ABSTRACT

Writing this chapter was both agreeable and useful, as it helped me to put together many of my pet hates, and it provided a context upon which all of the other, more positive chapters would build; but I feel that I should apologise to the reader for its uncharacteristically negative tone. I sincerely hope it does not sour the rest of the book, which is intended to offer an optimistic approach. For example, Chapter 8 will argue that, for the first time in its history, humanity has the potential to cultivate planet Earth as a ‘synergy of synergies’. In advocating a more joined up, inclusive and holistic approach to design and ecology (Chapter 9) the book will outline a new form of imaginative organisation to be called ‘metadesign’. In achieving both aims we have a long way to go. Unfortunately, many well-intentioned projects fail because they are conducted against a backdrop of disconnection, alienation, and confusion about politics and money. This sense of contradiction is clear from the way newspapers juxtapose stories about the environment and the economy.
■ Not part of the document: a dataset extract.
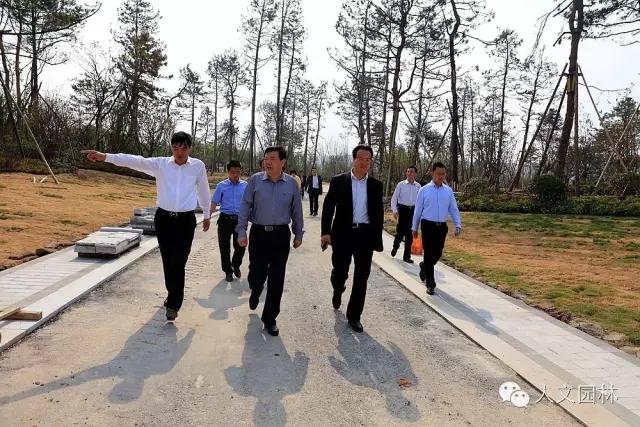 陜西省省人大常委會(huì)副主任李金柱前來(lái)人文園林營(yíng)造的韓城國(guó)家文史公園調(diào)研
On the business page, a headline will dramatise our anguish at falling share prices, job losses and a given corporation’s failure to meet its sales targets. On the following page an environment story will lament the pollution of rivers, loss of ancient woodlands, or the extinction of another few hundred species. We have grown accustomed to state-sanctioned surprises of all types, from illegal wars, the unleashing of untested bio-technologies into the eco-system, global systems of mutual self-destruction, the profligate use of non-renewables, pesticides, and dangerous pharmaceutical products in all regions of our daily lives. Ultimately, it is ordinary voters and citizens who will pick up the tab.